BBM khusunya jenis solar masih menjadi persoalan di Kota Kendari. Lihat saja di sejumlah SPBU Kota Kendari, truk yang mengantre solar harus menunggu hingga berjam-jam, bahkan tidak jarang berhari-hari.

Senin (1/8/2022) puluhan sopir truk kembali berunjuk rasa di DPRD Kota Kendari memprotes dugaan penimbunan solar subsidi. Para sopir yang tergabung dalam Persatuan Sopir Truk (Persot) meminta pemerintah mengawasi dan melarang truk penimbun solar subsidi yang mengantre.

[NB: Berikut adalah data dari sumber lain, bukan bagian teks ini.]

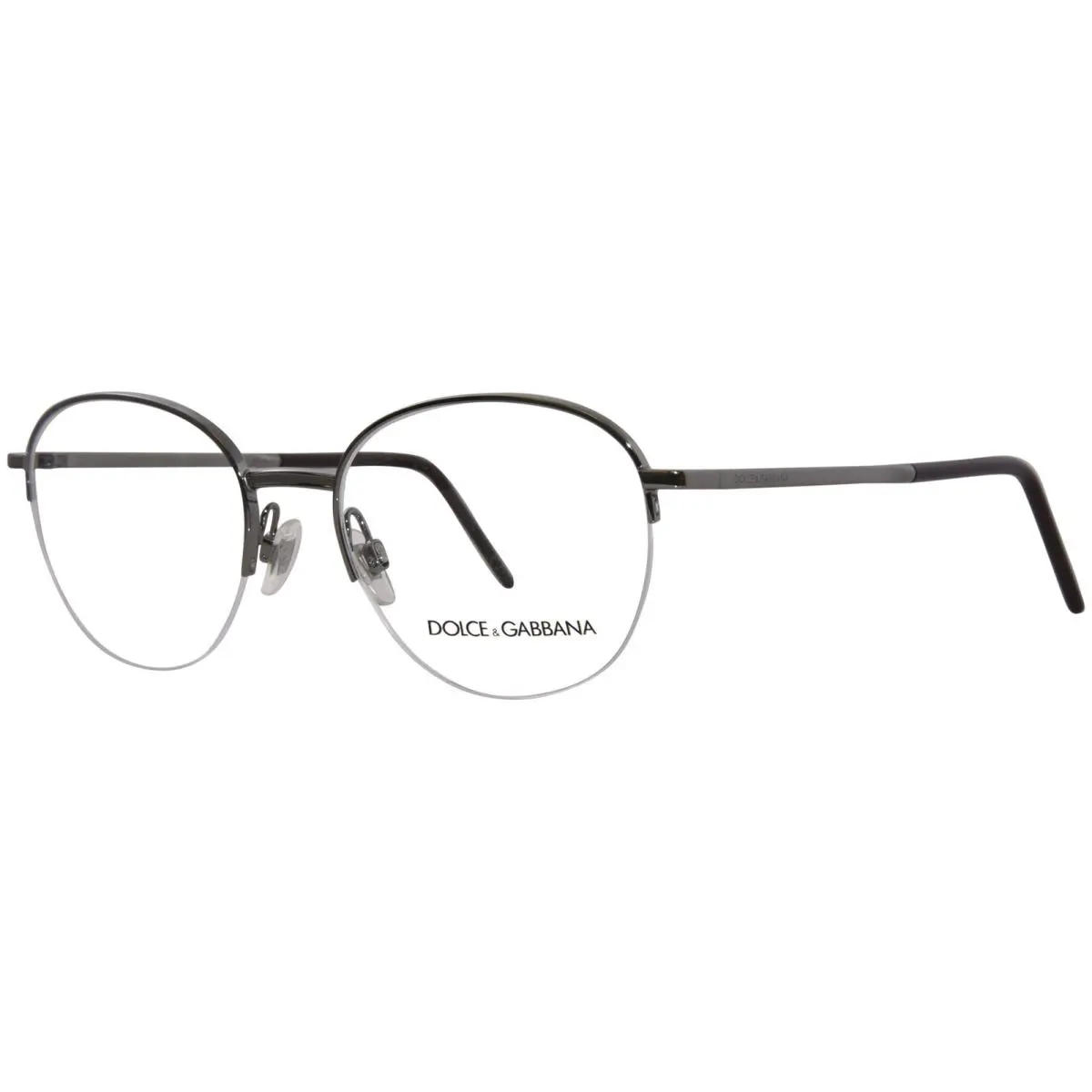 Dolce Gabbana DG1329 1335 Eyeglasses Men`s Bronze Semi Rim Round Shape 53mm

Area Manager Comm, Rel & CSR Pertamina Patra Niaga Regional Sulawesi, Laode Syarifuddin Mursali dalam pemberitaan menyarankan masyarakat untuk melapor ke nomor Pertamina apabila ada oknum yang menimbun BBM jenis solar. Hal ini menanggapi unjuk rasa yang dilakukan puluhan sopir truk di kantor DPRD Kota Kendari.

Ketua Komisi III DPRD Kota Kendari, LM Rajab Jinik geram membaca pernyataan tersebut. Rajab mengatakan, dengan menyarankan masyarakat untuk melapor sama saja Pertamina melepas tanggung jawabnya.